CEDEAO : les divisions autour des coups d'État pourraient bouleverser le sommet

CEDEAO : les divisions autour des coups d’État pourraient bouleverser le sommet

Dimanche 10 décembre, la capitale nigériane, Abuja, accueille un sommet des dirigeants de la Communauté économique des États de l’Afrique de l’Ouest (CEDEAO). La rencontre se déroule dans un contexte de tensions dans la région.

Les coups d’État au Mali, au Burkina Faso, au Niger et en Guinée-Conakry, ainsi que les sanctions contre ces pays, promettent de marquer l’agenda de la CEDEAO au sommet d’Abuja, ce dimanche (10h12) – et les premières divergences entre les Etats membres peuvent découler de ces problèmes.
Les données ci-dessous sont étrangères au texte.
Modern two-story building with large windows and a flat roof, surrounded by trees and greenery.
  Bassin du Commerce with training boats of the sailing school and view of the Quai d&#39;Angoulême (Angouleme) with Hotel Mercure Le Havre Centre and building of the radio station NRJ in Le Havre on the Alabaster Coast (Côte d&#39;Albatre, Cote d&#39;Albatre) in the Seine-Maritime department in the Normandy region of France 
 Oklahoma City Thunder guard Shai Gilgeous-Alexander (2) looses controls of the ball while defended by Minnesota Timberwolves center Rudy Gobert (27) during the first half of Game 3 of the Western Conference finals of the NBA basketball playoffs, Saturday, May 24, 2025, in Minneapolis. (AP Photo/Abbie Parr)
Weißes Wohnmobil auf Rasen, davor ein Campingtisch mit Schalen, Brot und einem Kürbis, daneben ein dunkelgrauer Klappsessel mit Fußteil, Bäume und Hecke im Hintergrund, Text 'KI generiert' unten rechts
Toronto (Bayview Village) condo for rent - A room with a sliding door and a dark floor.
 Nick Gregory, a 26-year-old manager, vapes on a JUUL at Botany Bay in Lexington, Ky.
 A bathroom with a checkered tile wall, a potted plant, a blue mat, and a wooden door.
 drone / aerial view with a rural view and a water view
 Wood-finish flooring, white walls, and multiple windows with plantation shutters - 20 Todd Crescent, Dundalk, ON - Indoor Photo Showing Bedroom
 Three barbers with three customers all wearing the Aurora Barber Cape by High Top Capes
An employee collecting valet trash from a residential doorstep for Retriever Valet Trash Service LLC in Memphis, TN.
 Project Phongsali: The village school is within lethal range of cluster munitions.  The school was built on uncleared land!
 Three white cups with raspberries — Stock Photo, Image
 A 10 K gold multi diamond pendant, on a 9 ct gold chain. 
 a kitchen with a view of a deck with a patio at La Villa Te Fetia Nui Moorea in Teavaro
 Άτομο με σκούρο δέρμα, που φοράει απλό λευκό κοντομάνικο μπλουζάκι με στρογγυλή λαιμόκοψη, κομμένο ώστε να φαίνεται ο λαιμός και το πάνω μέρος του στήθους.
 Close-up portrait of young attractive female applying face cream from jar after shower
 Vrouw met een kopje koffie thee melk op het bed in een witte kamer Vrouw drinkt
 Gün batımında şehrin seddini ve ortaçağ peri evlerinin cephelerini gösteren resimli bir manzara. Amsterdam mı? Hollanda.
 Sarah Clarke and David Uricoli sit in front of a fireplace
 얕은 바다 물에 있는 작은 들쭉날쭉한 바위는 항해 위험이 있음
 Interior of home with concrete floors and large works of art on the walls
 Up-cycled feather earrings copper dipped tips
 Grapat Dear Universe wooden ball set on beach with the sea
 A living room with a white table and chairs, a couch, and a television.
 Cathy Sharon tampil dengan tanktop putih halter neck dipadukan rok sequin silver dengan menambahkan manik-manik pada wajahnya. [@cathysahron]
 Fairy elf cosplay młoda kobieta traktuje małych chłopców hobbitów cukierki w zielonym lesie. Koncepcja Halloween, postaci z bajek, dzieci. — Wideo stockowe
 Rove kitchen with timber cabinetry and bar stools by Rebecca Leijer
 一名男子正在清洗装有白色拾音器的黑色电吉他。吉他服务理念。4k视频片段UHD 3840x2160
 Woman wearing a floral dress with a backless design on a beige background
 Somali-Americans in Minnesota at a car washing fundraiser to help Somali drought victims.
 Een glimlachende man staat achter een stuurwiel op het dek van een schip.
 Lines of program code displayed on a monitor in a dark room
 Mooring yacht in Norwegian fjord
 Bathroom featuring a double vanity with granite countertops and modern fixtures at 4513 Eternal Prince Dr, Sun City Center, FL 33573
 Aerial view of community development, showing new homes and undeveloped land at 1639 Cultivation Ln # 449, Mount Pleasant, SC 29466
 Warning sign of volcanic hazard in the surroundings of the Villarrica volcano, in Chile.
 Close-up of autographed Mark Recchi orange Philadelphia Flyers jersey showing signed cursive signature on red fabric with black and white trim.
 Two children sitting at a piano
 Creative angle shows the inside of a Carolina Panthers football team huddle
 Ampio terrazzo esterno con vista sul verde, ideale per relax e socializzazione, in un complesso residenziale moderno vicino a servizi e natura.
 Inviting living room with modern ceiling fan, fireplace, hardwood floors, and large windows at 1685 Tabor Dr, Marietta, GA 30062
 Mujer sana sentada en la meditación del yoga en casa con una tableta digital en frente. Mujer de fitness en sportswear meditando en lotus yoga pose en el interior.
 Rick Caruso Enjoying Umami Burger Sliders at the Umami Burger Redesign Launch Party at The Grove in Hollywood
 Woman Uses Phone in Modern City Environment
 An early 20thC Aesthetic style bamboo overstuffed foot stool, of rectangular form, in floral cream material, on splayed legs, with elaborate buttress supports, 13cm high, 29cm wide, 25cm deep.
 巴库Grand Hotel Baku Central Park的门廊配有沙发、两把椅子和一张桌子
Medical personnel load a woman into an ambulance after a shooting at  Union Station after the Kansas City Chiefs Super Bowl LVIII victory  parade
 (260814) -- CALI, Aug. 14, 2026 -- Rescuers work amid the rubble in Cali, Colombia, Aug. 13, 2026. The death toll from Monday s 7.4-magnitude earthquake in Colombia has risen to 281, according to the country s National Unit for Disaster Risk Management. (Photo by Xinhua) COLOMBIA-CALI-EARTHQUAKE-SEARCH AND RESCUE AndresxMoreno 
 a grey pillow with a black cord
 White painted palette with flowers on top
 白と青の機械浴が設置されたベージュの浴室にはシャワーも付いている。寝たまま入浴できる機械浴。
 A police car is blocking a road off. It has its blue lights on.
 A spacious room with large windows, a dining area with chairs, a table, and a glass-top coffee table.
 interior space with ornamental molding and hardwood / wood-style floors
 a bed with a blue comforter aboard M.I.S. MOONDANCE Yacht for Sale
Pour l’heure, il est au moins un pays qui n’hésite plus à adopter une attitude plus flexible envers les putschistes : le Togo. En octobre, par exemple, Lomé a organisé un forum sur la paix et la sécurité, invitant des représentants de trois pays dirigés par des militaires putschistes : le Mali, le Burkina Faso et le Niger.

Le Niger, dont le chef, le général Abdourahmane Tiani, a pris le pouvoir par la force, était annoncé à Lomé pour une visite « d’amitié et de travail » à la veille du sommet de la CEDEAO.

Intérêts politiques et économiques

Une action qui ne surprend pas le politologue Mounkaïla Mossi. Pour l’analyste, outre les raisons politiques, des intérêts économiques sont également en jeu. « Tout le monde essaie de profiter de la crise. Le Niger peut être un partenaire clé pour le Togo », d’autant plus qu’il y a une crise entre le Niger et le Bénin, explique-t-il.

« Le Bénin est un partenaire fondamental en matière d’exportation de marchandises vers le Niger, via le port de Cotonou », souligne Mossi, mais depuis la crise, « le Togo profite de la situation, car les marchandises passent par Lomé au lieu de Cotonou ».

Alors que le Niger et d’autres pays en transition après des coups d’État seront sans doute à nouveau débattus à Abuja, l’activisme diplomatique du Togo sur cette question continue de poser question, d’autant qu’au sein de la CEDEAO, certains pays ont adopté une position intransigeante à l’égard des putschistes. – c’est le cas du Bénin par rapport au Niger voisin.

Mais il y a aussi le Nigeria, géant de la sous-région, qui reste ferme sur ses positions face aux putschistes.

Une position « non viable »

L’activisme togolais a permis la libération de soldats ivoiriens détenus au Mali en janvier dernier et a aidé une délégation de la CEDEAO à rencontrer le président nigérien déchu Mohamed Bazoum en août, mais la position de Lomé vis-à-vis des régimes putschistes n’est pas viable, selon l’expert en gouvernance et président de l’Institut Tamberma pour la gouvernance, Paul Ameganpko.

« Il est clair qu’il existe actuellement une division, des positions contradictoires entre certains Etats membres de la CEDEAO », explique-t-il, dans un entretien à DW, soulignant que « le Togo fait partie de ces pays qui estiment nécessaire de négocier » les règles communautaires qui condamnent et sanctionner les coups d’État.

Selon lui, la stratégie de Lomé sur ces questions « affaiblit la CEDEAO ». La position du Togo « est irréalisable, car il faut appliquer les règles communautaires et les transitions continuent d’être des transitions », estime l’expert.

Paul Amegankpo attire l’attention sur les risques de crises que pourrait générer à l’avenir une mauvaise gestion des transitions, rappelant que les positions de pays comme le Bénin et le Nigeria, qualifiés de rigides, reposent davantage sur la légalité.

Le Niger, comme le Burkina Faso et le Mali, actuellement suspendus de l’organisation, ne devraient pas être présents à Abuja. Les trois pays confrontés à une « crise jihadiste » se sont récemment réunis pour former l’Alliance des États du Sahel.